Suggestion for proof

1. Sep 23, 2004

Yoss

Let a and b be natural numbers and LCM(a,b) = m.
Prove that if GCD(a,b) = 1, then LCM(a,b) = ab.

What I got so far was that since b|LCM(a,b), then b*k = LCM(a,b) for some natural number k. I know I need to show that k </= a and k >/= a so I get a = k. And show that b*k = ba = LCM(a,b).

I can get a </= k:

Since LCM(a,b) = m, then a|m and b|m. Since LCM(a,b) = m = b*k, then a|bk. <And by the Euclid's Lemma, if a|bc and GCD(a,b) = 1, then a|c>. So
a|k. So a*j = k for some natural number j, and therefore a </= k.

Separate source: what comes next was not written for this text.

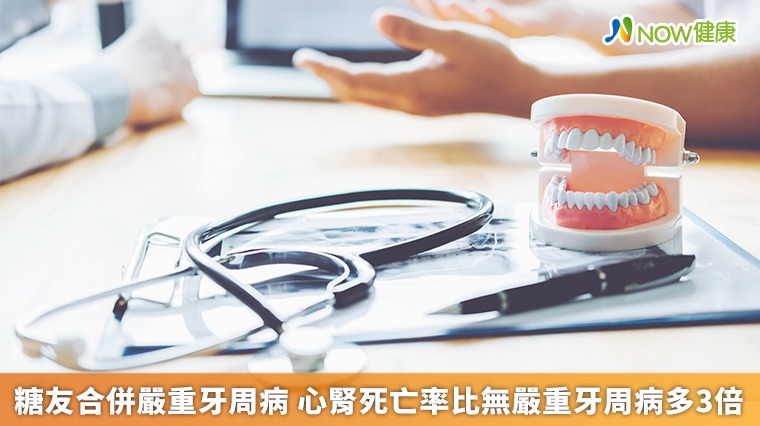 糖友合併嚴重牙周病 心腎死亡率比無嚴重牙周病多3倍 糖友合併嚴重牙周病 心腎死亡率比無嚴重牙周病多3倍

I'm sure I have to derive that a >/= k by the antecedent. I'm trying to use the property that GCD(a,b) = 1 = a*x + b*y for some integers x and y by showing that k|a. But I'm stuck.

Any suggestions? Thanks

Edit: Maybe I should have posted this in Number Theory. Mod, can you move it if you think it should be there?

Last edited: Sep 23, 2004
2. Sep 23, 2004

NateTG

There's a nice proof using the fundemental theorem of algebra.

3. Sep 23, 2004

Yoss

I'm sorry NateTG, I don't follow. Can you please elaborate?

4. Sep 23, 2004

Yoss

I think you might mean Fundamental Theorem of Arithmetic.

5. Sep 23, 2004

NateTG

Yep. Sorry. Apparently I need to sleep more.

6. Sep 23, 2004

Yoss

Am I even on the right track? It feels like I'm missing some trivial property that I need to solve this. Can anyone suggest something, and perhaps how to apply the FTA to this? Thanks.

7. Sep 23, 2004

NateTG

Yeah, I think you're almost there.
You're trying to prove that $$a \geq k$$, right?
You might want to use the fact that $$LCM(a,b) \leq ab$$ since $$ab$$ is obviously a common multiple.

8. Sep 23, 2004

Gokul43201

Staff Emeritus
Also, the more general result :(a,b)*((a,b)) = ab where () is GCD, (( )) is LCM follows directly from

$$(a,b) = \prod_i p_i^{min(k_i,l_i)} ~~$$ and

$$((a,b)) = \prod_i p_i^{max(k_i,l_i)}~~$$ where

$$a = \prod_i p_i^{k_i} ~~$$ and

$$b = \prod_i p_i^{l_i}$$

Last edited: Sep 23, 2004
9. Sep 24, 2004

Yoss

I knew it was something trivial I didn't see. Thanks NateG and Goku.